Layer-by-layer tour¶

Layer 1 — analyst inputs¶

Everything the framework consumes is analyst-supplied:

Bearers B, an expression function δ : B → L, and context-construction functions ctx_Γ, ctx_Δ. Together they determine how implications get presented to the model. See the paper's Definition 1.
Items, each a single-bearer-succedent implication ⟨Γ_i, {ψ_i}⟩ paired with a verdict tuple V_i = (v_{i,1}, …, v_{i,m}) from the analyst panel. Optional richer metadata — tags, rsr_target, factor_levels, construction_metadata, analyst_rationales — feeds the construct-validity layer.

Layer 2 — the benchmark `β`¶

benchmark.json packages the analyst inputs as a Pydantic-validated artifact. Two entry points without ever calling a model:

infereval validate — schema + cross-field validation. Pure check.
infereval describe — comprehensive inspector: bearer dictionary, per-analyst verdict distribution, κ_F*(β) baseline (when defined), tag frequency, factorial-design coverage, paraphrase-variant count, per-panel summaries, construction-provenance roll-up, and the verdict-by-tag-group cross-tab. Run it first on any new benchmark.

Layer 3 — evaluate `M` on `β`¶

infereval evaluate drives the model M through every item, sampling n_samples verdicts via a verification prompt and computing E_M by majority vote (tie-break configurable; default abstain).

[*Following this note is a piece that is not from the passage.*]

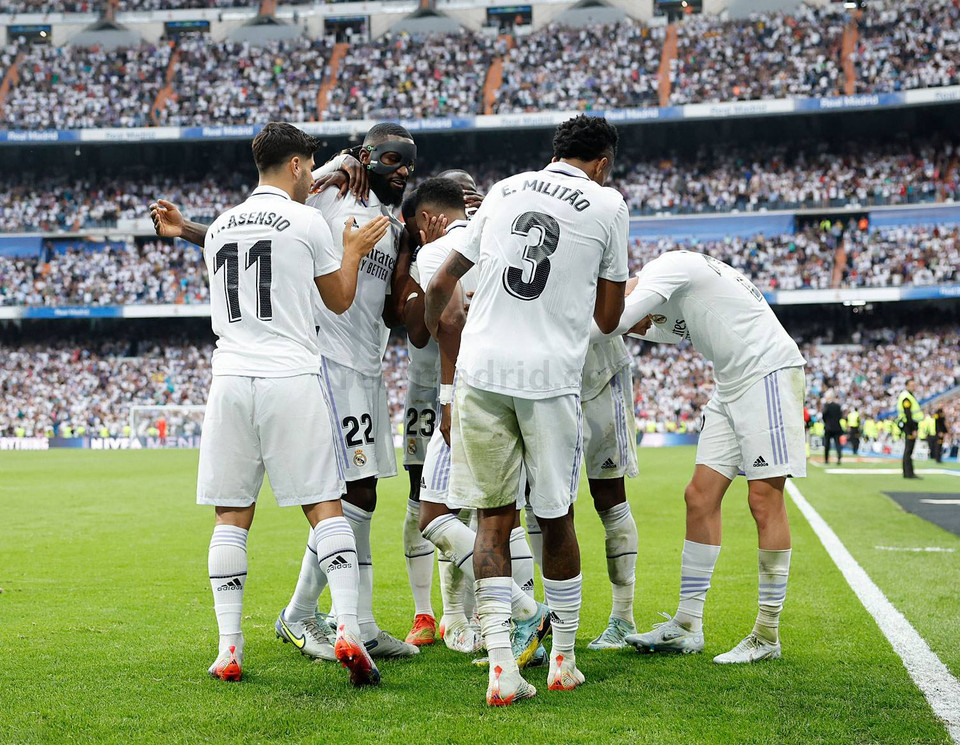 Chiến thắng trước Barcelona giúp Real Madrid độc chiếm ngôi đầu với 25 điểm sau 9 vòng đấu. (Nguồn: realmadrid)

Outputs:

η (evaluation.json) — the evaluation artifact: the benchmark's items plus M's verdicts, with a tamper-evident benchmark_hash for integrity.
run.jsonl — per-sample audit log: prompt hash, raw response, parsed verdict, usage, timing, finish reason, reasoning tokens. One event per provider call.

Layer 4 — the four analytical commands¶

All four take η (and usually β) and emit JSON. They're designed to compose: each addresses a distinct construct-validity axis, and the report (layer 5) consumes all four together.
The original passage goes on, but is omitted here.